Toutefois, le discours souverainiste au Québec ne semble plus reposer principalement autour de cette rhétorique. Depuis la dernière décennie, l'idée que le Québec se doit de réaliser l'indépendance afin de pouvoir s'autogouverner a été abandonnée et remplacée par un discours centré sur l'incompatibilité entre le développement politique du Canada anglais et la spécificité du Québec.

Plus précisément, il a été soutenu par les élites souverainistes que le Québec est une société progressiste, sociale-démocrate et pacifiste, alors que le Canada anglais est plus conservateur dans ses choix sociaux et économiques. Cette idée a atteint son apogée lors de l'élection provinciale de septembre 2012, lorsque Pauline Marois a invité les souverainistes de droite à voter pour un autre parti que le Parti québécois.
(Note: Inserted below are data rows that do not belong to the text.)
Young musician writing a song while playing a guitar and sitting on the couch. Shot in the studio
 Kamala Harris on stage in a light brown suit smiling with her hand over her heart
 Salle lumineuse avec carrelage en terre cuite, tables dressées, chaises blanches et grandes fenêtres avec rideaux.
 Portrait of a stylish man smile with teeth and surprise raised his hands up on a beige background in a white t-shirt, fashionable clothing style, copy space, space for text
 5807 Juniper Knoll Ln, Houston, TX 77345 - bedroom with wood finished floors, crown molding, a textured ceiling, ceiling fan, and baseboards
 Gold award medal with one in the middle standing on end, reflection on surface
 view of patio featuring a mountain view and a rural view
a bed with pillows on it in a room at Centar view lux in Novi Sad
De toute évidence, de nombreuses raisons expliquent cette transformation du discours souverainiste. La présence à Ottawa d'un gouvernement conservateur dirigé par le premier ministre Stephen Harper a joué un important rôle. À travers leurs politiques publiques, les conservateurs sont présentés par les indépendantistes comme la quintessence de l'évolution du Canada vers des valeurs qui sont de plus en plus étrangères à celles du Québec. Ce nouveau discours reste très problématique en ce qu'il présente deux défauts de taille.

En premier lieu, il est entièrement faux. Les Québécois ont démontré dans de nombreux sondages qu'ils partagent essentiellement les mêmes valeurs que les citoyens du reste du Canada. En fait, sur certains sujets, les Québécois vont même jusqu'à se montrer moins progressistes que les Anglo-Canadiens. Par conséquent, en laissant de côté le discours sur l'autodétermination au profit d'un discours orienté sur le conflit des valeurs entre le Québec et le reste du Canada, le Parti québécois a contribué à exclure de son discours politique toute possibilité de devenir une coalition de tous les nationalistes soucieux de la liberté collective de leur nation. Il est plutôt devenu le seul véhicule politique des souverainistes qui se situent sur la gauche du spectre idéologique. Autrement dit, le projet souverainiste devient plutôt un simple projet politique qui est par essence moins inclusif que le précédent.

En abandonnant les éléments inclusifs sur la capacité du Québec de s'autogouverner en faveur d'une conception d'un Québec qui serait radicalement différente du Canada anglais, le discours sécessionniste du Québec manifeste une forte ressemblance avec l'ancien nationalisme ethnique. Plus précisément, le fait d'être Québécois ne s'appuie plus sur la simple réalité de vivre au Québec et jouer un rôle actif au sein de sa vie politique. La définition de la québécitude repose désormais sur des éléments objectifs, à savoir des valeurs inhérentes à la social-démocratie et au pacifisme.

Le problème vient du fait que ces valeurs ne sont pas universelles. Elles sont nécessairement source de division et propres aux personnes qui se situent sur la gauche du spectre politique. Il s'avère que, comme pour le nationalisme ethnique, la définition de ce qu'est un Québécois projetée par les élites indépendantistes est tributaire de certains critères objectifs. Par conséquent, un Québécois nationaliste et conservateur se sentira exclu de la définition nationale, tout comme les protestants et les anglophones s'en sentaient exclus en vertu de l'ancienne définition ethnique.

En confondant valeurs et identité, une société peut tomber dans les mêmes pièges que ceux qui sont associés au nationalisme ethnique.